==== GIVEN MATERIAL ====

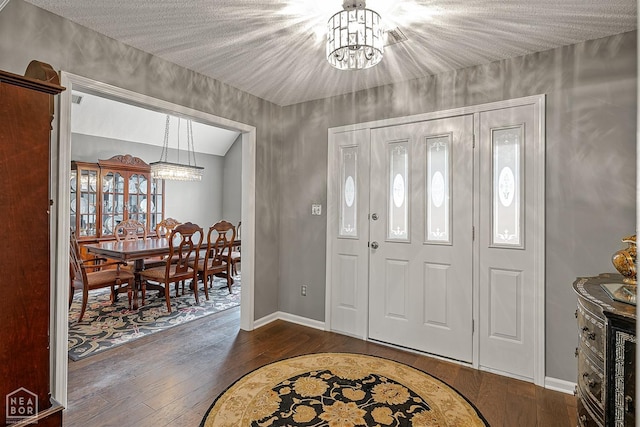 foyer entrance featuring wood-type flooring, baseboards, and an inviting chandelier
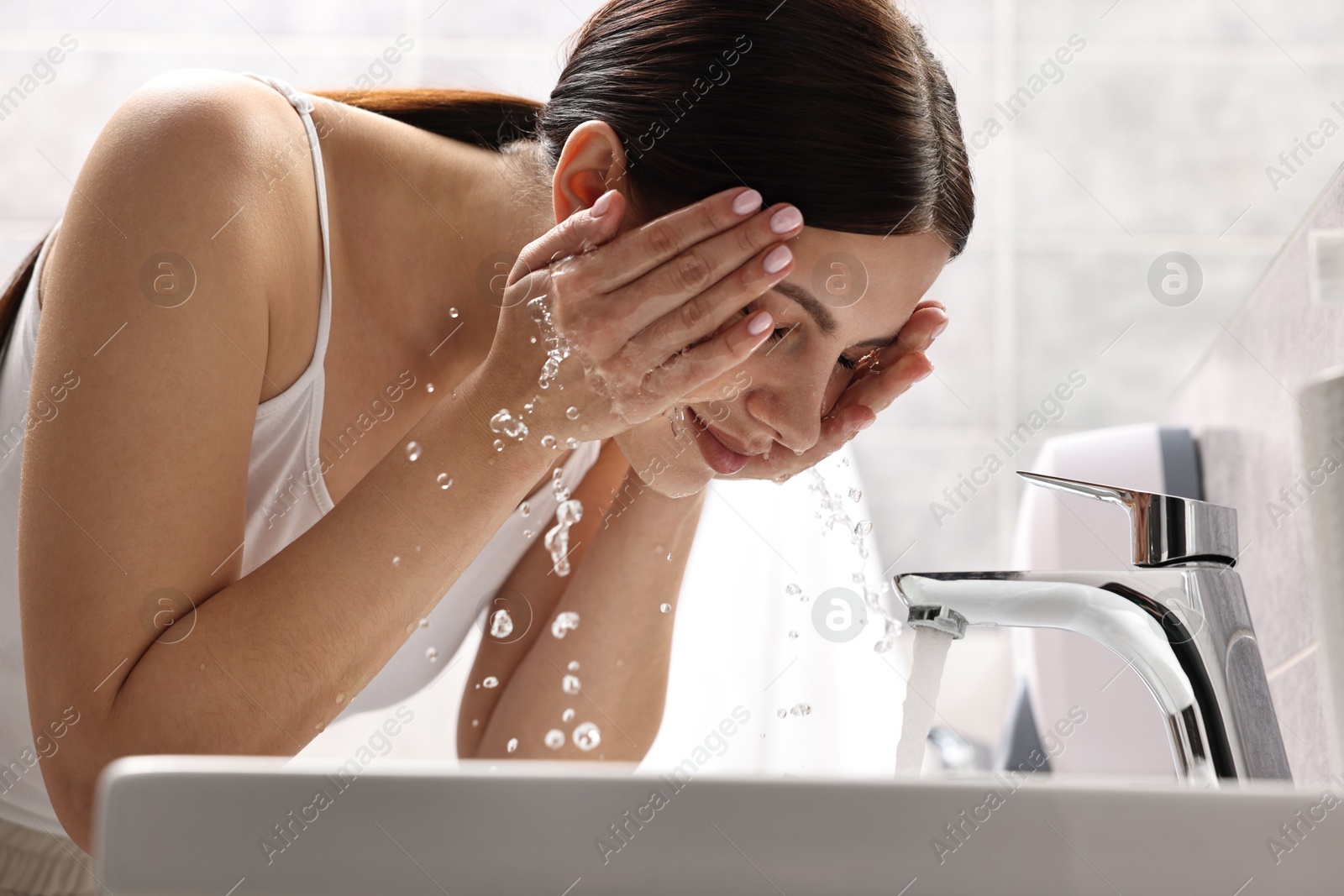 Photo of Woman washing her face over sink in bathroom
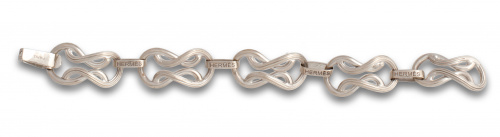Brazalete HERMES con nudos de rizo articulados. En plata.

====

WORK TO BE COMPLETED
The whole listing above needs to be copied exactly; please keep the pictures out.

THE ANSWER
 foyer entrance featuring wood-type flooring, baseboards, and an inviting chandelier
 Photo of Woman washing her face over sink in bathroom
Brazalete HERMES con nudos de rizo articulados. En plata.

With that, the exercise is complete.